Benefits do not necessarily go up every year. While there was a record 5.8% increase in 2009, the following two years had 0% increases.

"For seniors, because they spend so much on health care, those years were difficult," Adcock said.

A similar pattern may happen if the economy goes into a recession, according to Johnson.

What the COLA means if you haven't claimed benefits yet

If you decide to claim Social Security benefits, you will get access to the record-high COLA.

But you will also have access to it if you wait to start your benefit checks at a later date, according to Elsasser.

If you're 62 now and don't claim, your benefit is adjusted by every COLA until you do.

The amount of the COLA really should not influence claiming.
Joe Elsasser
CFP and president of Covisum

What's more, delaying benefits can increase the size of your monthly checks. Experts generally recommend most people wait as long as possible, until age 70, due to the fact that benefits increase 8% per year from your full retirement age, typically 66 or 67, to age 70. Whether that strategy is ideal may vary based on other factors, such as your personal health situation and marital status.

"The amount of the COLA really should not influence claiming," Elsasser said. "It doesn't hurt you or help you as far as when you claim, because you're going to get it either way."

How a record-high increase may impact Social Security's funds

Social Security's trust funds can pay full benefits through 2035, the Social Security Board of Trustees said in June.

At that time, the program will be able to pay 80% of benefits, the board projects.

The historic high COLA in 2023 could accelerate the depletion of the trust funds to at least one calendar year earlier, according to the Committee for a Responsible Federal Budget.

Higher wages may prompt workers to contribute more payroll taxes into the program, which may help offset that. In 2023, maximum taxable earnings will increase to $160,200, up from $147,000 this year.

The Social Security trustees projected a 3.8% cost-of-living report in an annual report released in June.

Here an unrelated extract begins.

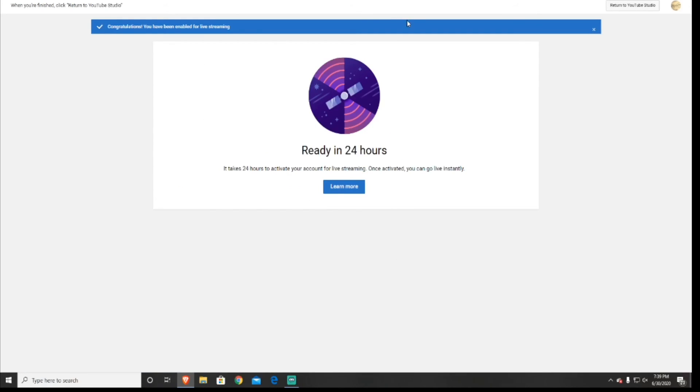I made a whole video on Streamlabs OBS, so if you want to go check that out, it will be linked in the description down below. So that's how you enable live streaming on your YouTube channel in 2020.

"The overall cost of the program is going to be roughly 5% larger than it was expected to be next year," Shai Akabas, director of economic policy at the Bipartisan Policy Center, said of the 8.7% cost-of-living adjustment for 2023.

Because other factors such as wage increases, immigration and mortality will also affect the program's funds, it's difficult to gauge exactly how much the increase for 2023 could move the projected depletion dates, he said.

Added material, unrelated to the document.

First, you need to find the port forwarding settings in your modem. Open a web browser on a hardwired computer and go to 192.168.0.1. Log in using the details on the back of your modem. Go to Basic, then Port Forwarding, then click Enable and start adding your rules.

What could happen to future benefit increases

While 2023 marks a record high COLA, beneficiaries should be prepared for future years where increases are not as high.

If inflation subsides, the size of COLAs will also go down.

Whether the CPI-W is the best measure for the annual increases is up for debate. Some tout the Consumer Price Index for the Elderly, or CPI-E, as a better measure of the costs seniors pay. Multiple Democratic congressional bills have called for changing the measure used to calculate annual increases to the CPI-E. Others have suggested another measure, the Chained CPI, to help curb federal spending.